Italy has recently announced plans to increase its capital gains tax on Bitcoin and other cryptocurrencies to 42%, a significant jump from the existing 26% tax rate. This decision was made during a press conference outlining the country’s 2025 budget and is aimed at generating additional resources for families, youth, and businesses. The move is part of the government’s efforts to leverage investment-based profits to support the economy, with similar discussions also taking place in the UK regarding increasing capital gains taxes on digital assets.
Since 2023, Italy has taxed capital gains exceeding €2,000 at 26%, with previous rules treating crypto as foreign currency and imposing lower tax rates. The increase to 42% places Italy among the countries with the highest tax rates on digital assets, reflecting the increasing regulatory scrutiny in the crypto space. Vice Economy Minister Maurizio Leo highlighted that Italy also plans to crack down on cash usage to combat tax evasion, although this move may have unintended consequences for crypto trading activity in the region.
Italian Prime Minister Giorgia Meloni reassured the public that the tax increases would primarily focus on the cryptocurrency sector and would not affect most citizens with regards to general tax policies. She also emphasized that tax relief for workers would remain intact and additional funds would be allocated to healthcare. Despite concerns about the tax hike potentially slowing down trading activity in Italy, the cryptocurrency market has shown resilience, with Bitcoin surging 4.01% intraday following the announcement.

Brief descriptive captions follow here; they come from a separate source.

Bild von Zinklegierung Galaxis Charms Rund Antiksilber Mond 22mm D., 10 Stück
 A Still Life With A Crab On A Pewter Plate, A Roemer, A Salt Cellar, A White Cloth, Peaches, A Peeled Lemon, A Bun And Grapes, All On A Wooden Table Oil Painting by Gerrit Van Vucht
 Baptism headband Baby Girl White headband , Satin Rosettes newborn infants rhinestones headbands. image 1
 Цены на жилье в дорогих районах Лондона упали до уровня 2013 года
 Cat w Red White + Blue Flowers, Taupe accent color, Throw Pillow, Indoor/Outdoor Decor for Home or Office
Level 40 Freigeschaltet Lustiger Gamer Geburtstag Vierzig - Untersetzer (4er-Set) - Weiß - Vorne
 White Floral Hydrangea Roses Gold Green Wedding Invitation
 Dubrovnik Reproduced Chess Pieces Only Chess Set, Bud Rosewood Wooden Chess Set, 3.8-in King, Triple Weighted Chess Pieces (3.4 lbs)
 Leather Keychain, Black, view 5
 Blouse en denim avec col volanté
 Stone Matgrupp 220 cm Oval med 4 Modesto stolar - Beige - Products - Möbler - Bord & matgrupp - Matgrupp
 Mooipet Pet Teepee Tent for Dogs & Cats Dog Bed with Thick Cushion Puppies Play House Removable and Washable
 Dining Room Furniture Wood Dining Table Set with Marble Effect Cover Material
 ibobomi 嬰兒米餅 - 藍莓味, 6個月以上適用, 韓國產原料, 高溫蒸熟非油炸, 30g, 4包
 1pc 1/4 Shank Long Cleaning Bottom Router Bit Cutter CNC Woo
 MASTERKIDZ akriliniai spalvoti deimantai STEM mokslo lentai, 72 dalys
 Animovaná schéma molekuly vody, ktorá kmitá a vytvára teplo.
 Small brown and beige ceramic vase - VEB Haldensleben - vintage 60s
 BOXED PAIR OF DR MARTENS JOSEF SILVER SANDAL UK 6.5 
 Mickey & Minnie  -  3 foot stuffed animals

Italy’s tax increase on cryptocurrencies is part of a global trend where countries are looking to regulate and profit from the booming cryptocurrency market. India, for example, introduced stringent digital asset taxes in 2022, leading to a decline in local trading volumes. Similar concerns exist in Italy, as higher tax rates could discourage market participation, especially from retail investors. The broader crypto market continues to exhibit bullish sentiment, with Bitcoin benefiting from heightened institutional interest.
Italy’s inflation rate, which stood at 0.7% in September, may offer some economic stability, but questions remain about how the new tax policy will impact the country’s growing crypto sector in the long term. Market participants are monitoring the situation closely to assess the potential impact on trading activity and investor sentiment. Despite these uncertainties, Italy’s aggressive crypto tax policy reflects a broader effort by governments to increase revenue and regulate the rapidly evolving cryptocurrency industry.